U.S. P/C Insurers’ Net Income Falls More Than 50% in First Half 2008
The U.S. property/casualty industry’s net income after taxes fell more than 50 percent to $15.9 billion in the first half of 2008 on a combination of deteriorating underwriting results and declining investment returns, according to A.M. Best Co.
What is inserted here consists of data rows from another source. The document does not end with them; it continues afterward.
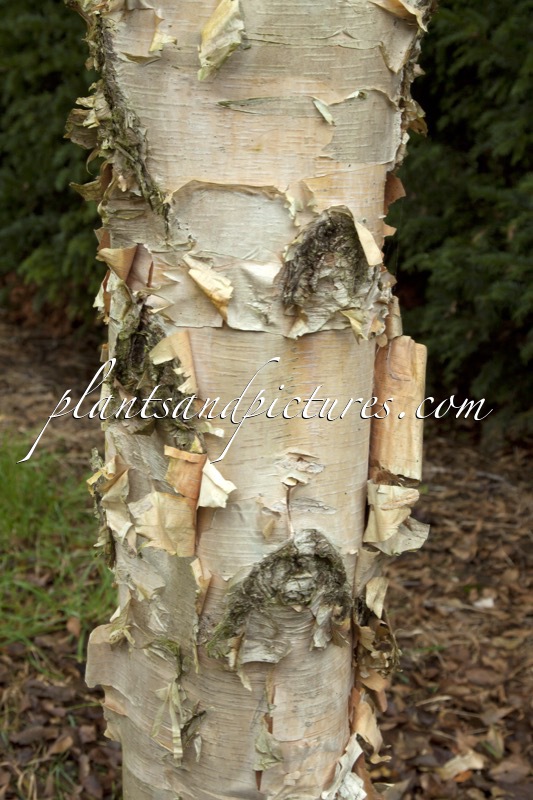Betula costata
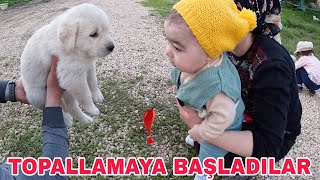 TOPALLAMAYA BAŞLADILAR!!!KUZU KULAĞI YEMEK~SANİYE SAY BİR BARDAK ÇAY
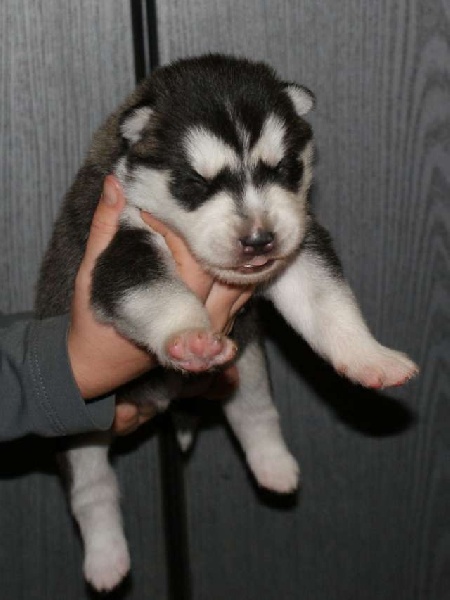 de la Perle Siberienne - Siberian Husky - Portée née le 25/09/2009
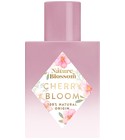 Cherry Bloom Nature Blossom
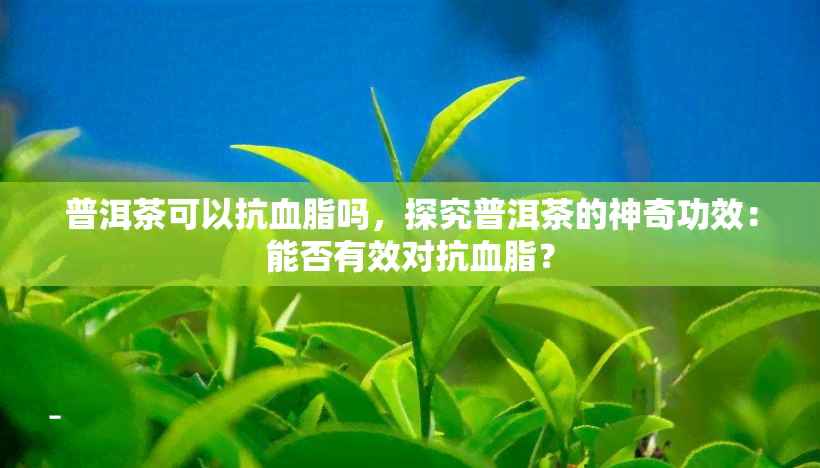 普洱茶可以抗血脂吗，探究普洱茶的神奇功效：能否有效对抗血脂？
As a result, the U.S. P/C industry’s annualized after-tax return on equity (return on surplus) fell to 9.5 percent for the 12 months ended June 30, 2008, from 14.2 percent for the 12 months ended June 30, 2007.
Net premiums written declined approximately $1.6 billion, or 0.7 percent, to $224.3 billion through the first half of 2008 from $225.9 billion during the same period of 2007.
The industry’s overall combined ratio deteriorated to 102.1 in the first half of 2008 as a result of continued price softening, challenging market conditions, unusually high catastrophe losses and significant underwriting losses by mortgage and financial guaranty insurers.
Excluding the impact of groups within the A.M. Best Co. mortgage and financial guaranty composites, the U.S. P/C industry posted a more modest underwriting loss of $1.2 billion and a combined ratio of 99.9.
Policyholder surplus (PHS) declined 4.5 percent to $512.9 billion through the first half of 2008 from $537.2 billion at year-end 2007.
The industry’s investment results continued to be pressured through the first six months by the low interest rate environment, ongoing turmoil in the credit markets and extreme volatility in the equity markets.
The personal lines segment’s underwriting results deteriorated through the first half of 2008 with a reported combined ratio of 102.5. The commercial lines segment’s combined ratio deteriorated to 102.2 in the first half.
The U.S. reinsurance segment’s combined ratio increased to 97.0 in the first half, up from 90.3 during the same period of 2007.